LCpl James Hylands (39), from Shaw, Oldham is a TA soldier who is currently serving with 8 Troop, 73 Armoured Engineer Squadron (AES) on Operation HERRICK 17. He deployed along with the rest of 21 Engineer Regiment (21 Engr Regt) as part of Task Force Helmand Engineer Group, at the beginning of September 2012. Whilst on tour the squadron is know as Engineer Close Support Squadron 1, which covers the northern areas of operation of Task Force Helmand (TFH).
Change of scenery
The troop requirements at Patrol Base (PB) Clifton have taken a different turn of direction within the last week. Task requirements from further afield in Helmand have been made, and the original group of 28 men has now been reduced to ten to continue with PB jobs. For some members this will be a look at life in other Check Points (CPs)/PBs, and a change of scenery, which will break the monotony up of a six-month tour nicely, for others it will be the challenge of a new task albeit in a new location. Certainly up to Christmas it looks like troop movement to other areas will be happening, some members have been ear-marked for larger projects taking them into 2013 before we will see them again, they have already packed and gone.
PB life is a mixed bag of events to be honest; you have to experience it to appreciate the effects it can have. The full spectrum of emotions which humans display are touched in one way or another, from the highs of completing a task or being a dangerous environment to the lows of missing friends and family at home, all are experienced from one day to another here. The sight of poverty in the surrounding areas is evident and it often reminds you how lucky we are back home, essential basics and sanitation to locals are in denial but life just continues as normal.
Life and luxuries
As a quick insight into PB life, the run of the mill pace of life we have (excluding large tasks and projects) the days normally starts around 6.30am. Your own physical training is the norm most mornings, which lasts around 45 minutes followed by a shave and shower. The shower facilities consist of a tent with shower heads dotted around inside it. Water is pumped from a bore hole well (deep in the ground) through a series of filter units (Stella meta units) into two 5000 litre water holding tanks (pillow tanks), from here it is feed into a kerosene heater which provides heat to the water. Outside the shower areas, directly to one side is the wash sinks. These are like large trough tubs with a number of taps attached providing warm water, it’s clean enough to drink but people choose not to.

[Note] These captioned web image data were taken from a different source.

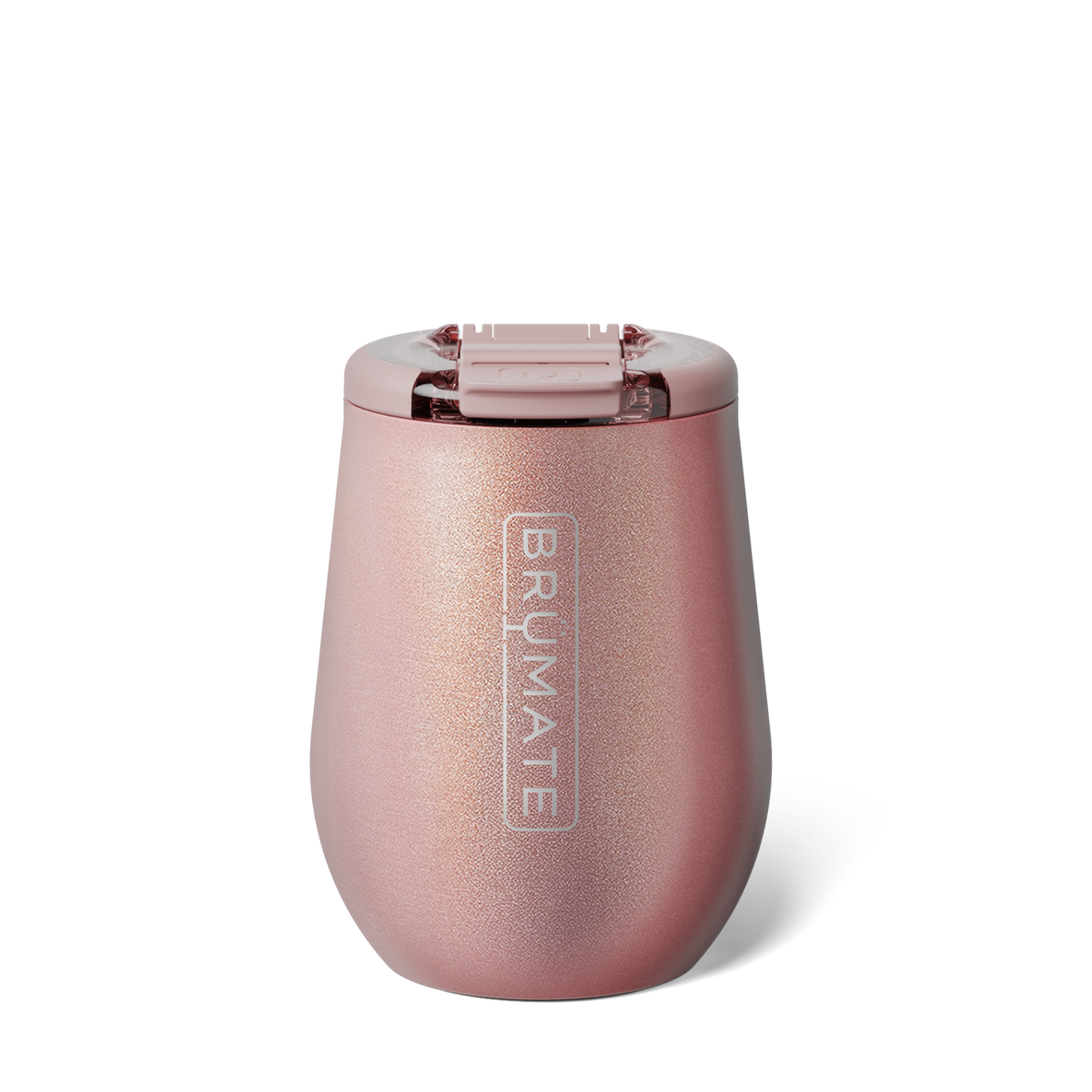 uncork-d-s8 Uncorkd-GlitterRoseGold.png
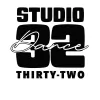 Studio 32 Dance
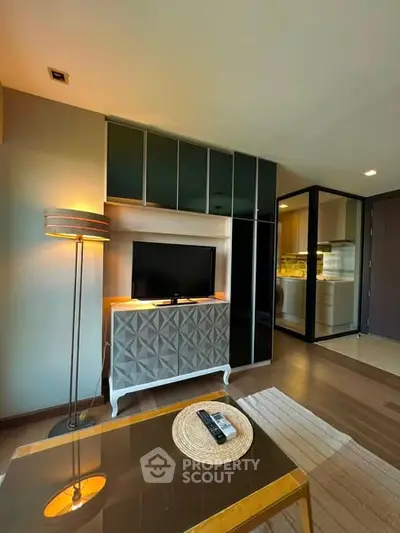 image_rental-28933325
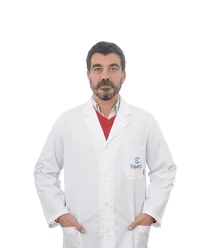Dr.ferro Sebastian Miguel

The site has been winterised so is covered by large aggregate to aid in drainage, this in its self is a struggle to walk in from one area to another and can only be compared to walking in deep snow back home. The accommodation on camp consists of a row of ten-man tents located behind a series of blast walls; these provide ample room for cot beds which come complete with fly nets surrounding them. The floor is a plastic based surface which sits about 25mm high consisting of a flat surface with slots on top followed by a honey comb base underneath, this design in its self keeps it clean and any dust on the surface clears away quickly.
Electricity is supplied on site through mobile units 415v, 240v and 110v is available so electrical products can be used and charged up for personal use in the accommodation areas. Toilet facilities are in the form of a wooden hut complete with a toilet seat inside; a chemical type bag is presented over the top of it which is later disposed of in a burn pit once used. A ‘desert rose’ (urinal) is used frequently which is a deep hole with a drainpipe embedded in it, to which ‘wriggly tin’ roof sheets are used as a urinal draining away into the pipe, this in itself is adequate and clean enough for the usage it gets.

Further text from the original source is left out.